The destruction of MF isn't indicative of anything. Luffy vs Doflamingo is resulting in a lot of collateral damage & city damage and neither of them are on the same level as some of the fighters present. Fact is when you have fighters of that calibre around, massive destruction is going to happen regardless of the outcome of the match, especially when one of them is wielding quite possibly the most destructive fruit around (gura gura). 

Let's see now, status updates at the end of MF:

Pirates side

- Whitebeard got the shit kicked out of him and then killed (Teach just expedited it)

- Marco got roughed up badly and really should have died were it not for PIS/CIS (no one deciding it would be sensible to take out WB's right hand man once he was cuffed, lasered and in agony. ). 

- Jozu got frozen solid and lost an arm. As good as dead. 

- Vista was emotionally distraught and fled to shoot his next porno

- The rest: Either dead or not even worth considering. 

Marines/WG

- Sakazuki got roughed up and was bleeding but was still able to continue on at the end to the extent of going up against what remained of the entire WB pirates and Crocodile by himself.

- Kuzan. Apart from that one lipbleed ...... nothing. 

- lol Kizaru. Did jack all apart from trolling a few people at opportune and hilarious moments. No injuries. 

- Garp and Sengoku twiddled their thumbs in the background doing sweet all until Teach showed up. No injuries prior to Teach. 

- Mihawk. Fodder duty before scramming once Shanks arrived. Again, zero injuries. 



As big a stomp as you'll ever see tbh.

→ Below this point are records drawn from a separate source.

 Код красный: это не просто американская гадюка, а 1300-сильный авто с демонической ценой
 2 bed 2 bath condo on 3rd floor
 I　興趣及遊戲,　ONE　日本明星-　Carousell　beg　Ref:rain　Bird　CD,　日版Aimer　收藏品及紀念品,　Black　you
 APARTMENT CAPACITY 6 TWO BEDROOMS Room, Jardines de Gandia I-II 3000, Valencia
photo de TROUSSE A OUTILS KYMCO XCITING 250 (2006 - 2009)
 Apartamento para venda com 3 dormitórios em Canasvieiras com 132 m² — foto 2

It was only the need to inject some drama and tension that forced Oda to prolong it to give it some semblance of closeness. I mean it'd be pretty boring if they marines actually decided to go all out from the very start and the WB pirates got the entire shit kicked out in a couple of chapters. 

This also resulted him adding many "convenient and contrived" moments to prolong things such as the walls not being able to be fully rise because Oars conveniently fell onto them (which stopped what would have been a slaughter) ..... or the convenient arrival of allies to help assist them at the right moments (Crocodile, Ivankov, Luffy etc etc). These plot tools are unlikely to happen again in an actual battle between the groups.


----------



## Deleted member 211714 (Apr 23, 2015)

Bernkastel said:


> They're rivals ..ofc the want to take each other out...if it was such a cakewalk to take all of her territories why not grab the chance?
> But anyway even if Shanks doesnt care about that Teach/Kaido/WB would certainly care and would've already trashed her whole crew if she was that weak.She wouldn't even be a Yonkou.

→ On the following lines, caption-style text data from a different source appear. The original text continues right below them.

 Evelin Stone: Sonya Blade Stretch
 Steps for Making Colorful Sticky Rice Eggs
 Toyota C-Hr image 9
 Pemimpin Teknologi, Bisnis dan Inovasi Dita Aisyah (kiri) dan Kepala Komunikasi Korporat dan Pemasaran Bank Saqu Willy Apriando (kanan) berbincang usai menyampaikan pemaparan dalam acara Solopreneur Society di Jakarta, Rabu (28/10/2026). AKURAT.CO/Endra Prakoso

When Shanks has ever discussed potential threats in the world of One Piece, Teach is the only person he appears to look out for. Even when they were face to face with each other at Marineford, his bigger priority was ending the war rather than killing him. We know Shanks had more than enough power to kill BB at that point when the latter outright stated he's not ready for them, but he's not hungry for power and fights only if needed.

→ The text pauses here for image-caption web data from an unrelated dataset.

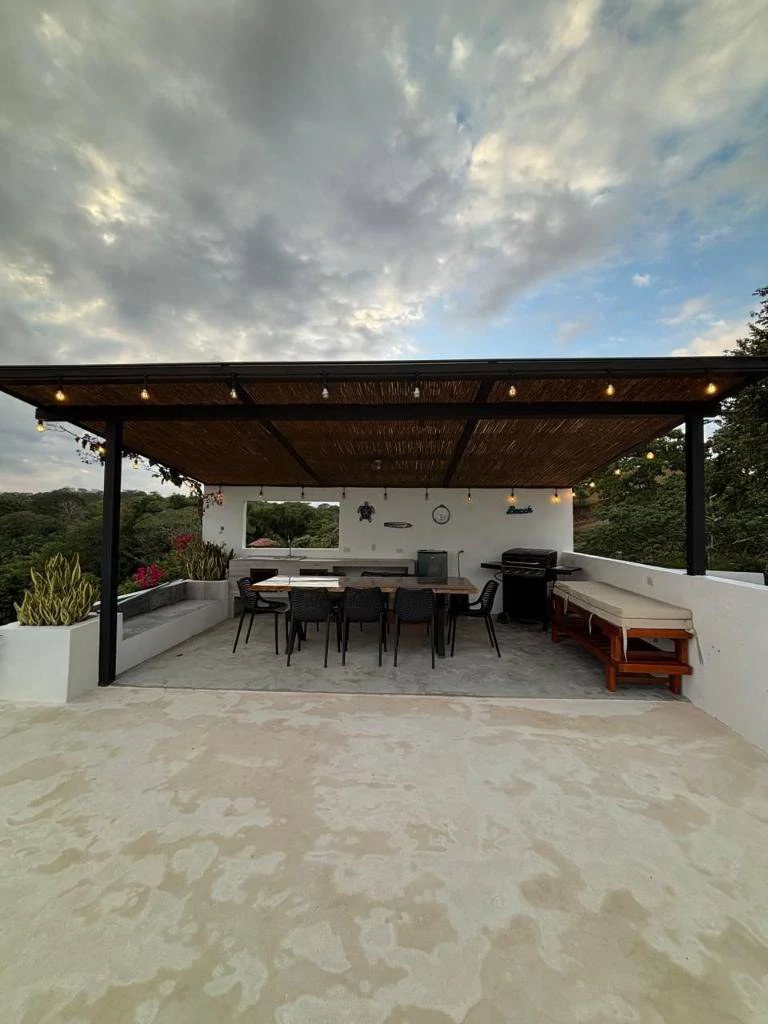 Incredible Casa Blanca in Monterrey: Pool and Huge Land Near the Beach! Financing Available - Gallery image 8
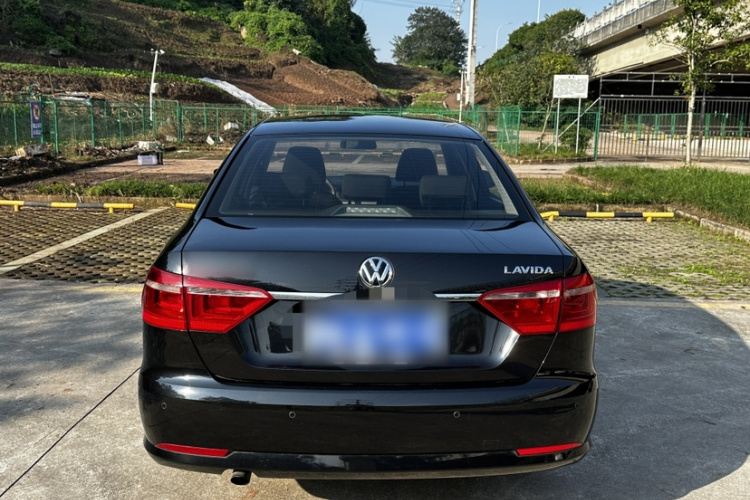 大众 朗逸 2013款 改款经典 1.6L 手动风尚版车身外观6006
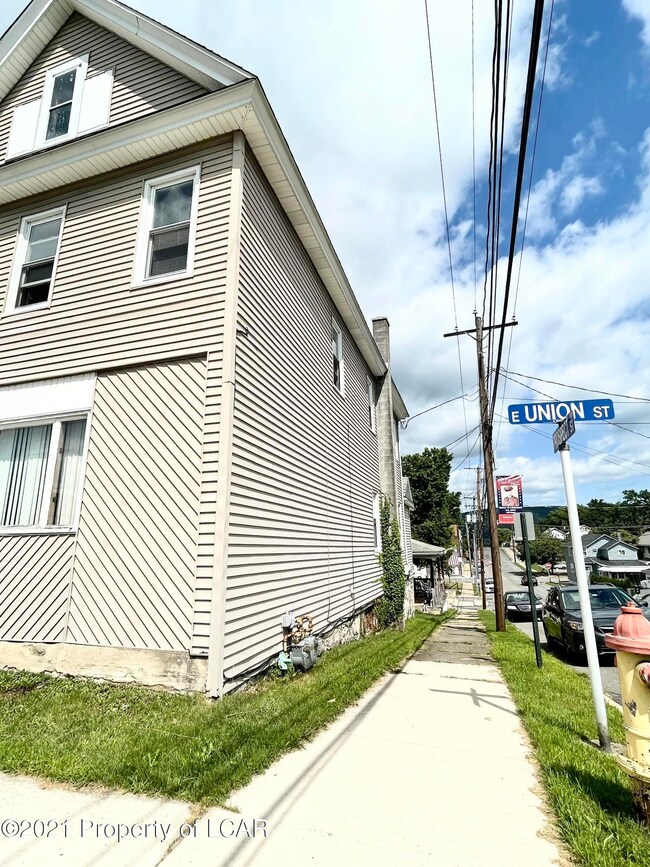 48 E Union St, Nanticoke, PA 18634 - photo 3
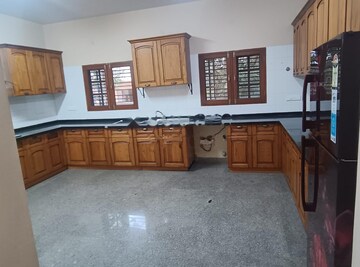 Living Room in 6+ BHK Apartment at Feha Maples, Benson Town – for Rent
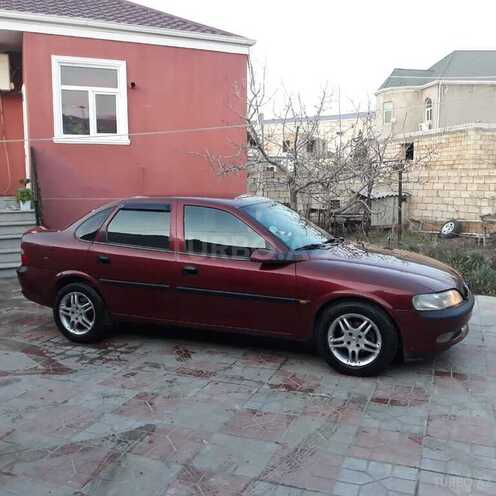 Opel Vectra 1997, 211,320 km - 1.6 l - Sumqayıt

Shanks probably couldn't care less about the label of emperor; the name was likely given to his crew because of power alone. Unlike other emperors, he's laid back and carefree for the most part.


----------



## Bernkastel (Apr 23, 2015)

King Itachi said:


> When Shanks has ever discussed potential threats in the world of One Piece, Teach is the only person he appears to look out for. Even when they were face to face with each other at Marineford, his bigger priority was ending the war rather than killing him. We know Shanks had more than enough power to kill BB at that point when the latter outright stated he's not ready for them, but he's not hungry for power and fights only if needed.
> 
> Shanks probably couldn't care less about the label of emperor; the name was likely given to his crew because of power alone. Unlike other emperors, he's laid back and carefree for the most part.



Teach/Kaido/WB would have trashed her already if she was that weak.


----------



## Imagine (Apr 23, 2015)

Kiz you think I'm gonna read that?


----------



## Deleted member 211714 (Apr 23, 2015)

Bernkastel said:


> Teach/Kaido/WB would have trashed her already if she was that weak.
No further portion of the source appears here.